I wanted to like this. It's atmospheric, it's dystopian fiction about climate change, all the main characters are Black women...but after a promising start it began to drag. There wasn't enough happening, either in the plot or the character or scenario development. And then it's all resolved by a lot happening all at once, which felt like a disappointment too. As is often the case, the denouement is less interesting than the set-up.

Watched on Netflix on the smart TV.

Tuesday, December 03, 2019

Review of 'Belle'

Sort of the decolonised version of Jane Austen - young women in the marriage market of the country gentry, but with added issues of race, slavery and illegitimacy. Not bad, but a bit long and occasionally plodding. It felt to me that it rather overstated the significance of the 'Zong' case in ending slavery and the slave trade, but I'm not expert in this.

Oddly no-one mentions that the young woman is never actually called Belle, but usually Dido, presumably after the Queen of Carthage, who I guess they thought of as a noble black person.

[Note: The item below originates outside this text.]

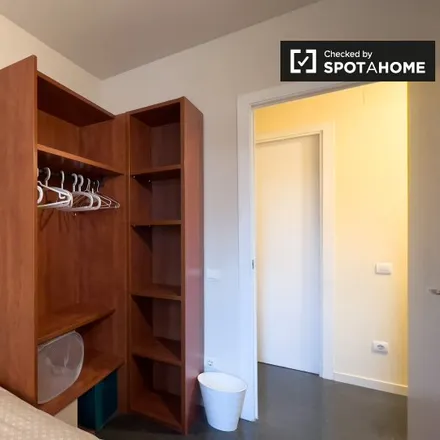 Rent this 3 bed room on Passeig del Taulat in 08001 Barcelona, Spain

Watched via Netflix and Chromecast.

Sunday, December 01, 2019

Review of 'The Little Sister'

Possibly the best Raymond Chandler novel ever, and one I hadn't heard of. I found it in an omnibus along with The Long Goodbye and Playback. Really stylish, well-written, with heaps of good characters and a great, complex plot. Everything you want in a Chandler novel, and then some. I must say that I was sometimes confused by the plot, but I think that's part of the attraction.

Review of 'I have lost my body'

A moving French animated film, about a young man and his journey through a life that's sad. There's a surreal element, because we know that he has lost his hand, and the hand is trying to find its way back to him. Usually an animated severed hand is a terrifying thing, but here our sympathies are with the hand as it makes its own journey across a city that might be Paris.

There are some parts that didn't entirely make sense to me - that might be because I missed something, or it might be that the film isn't supposed to be an entirely realistic narrative. What was the place where the hand starts out? There's a fridge full of body parts and eyeballs, but we don't know where it is or ever find out.

But it's a beautiful, poignant and clever film, and I didn't look away or lose engagement for a second.

I note in passing that the young man is Muslim, and that this isn't the point of the story or even a central element. In a British film if a character is Jewish, or Muslim, that has to be the main thing about them; in a French film, not so much, which is great.

Watched on Netflix via phone and Chromecast.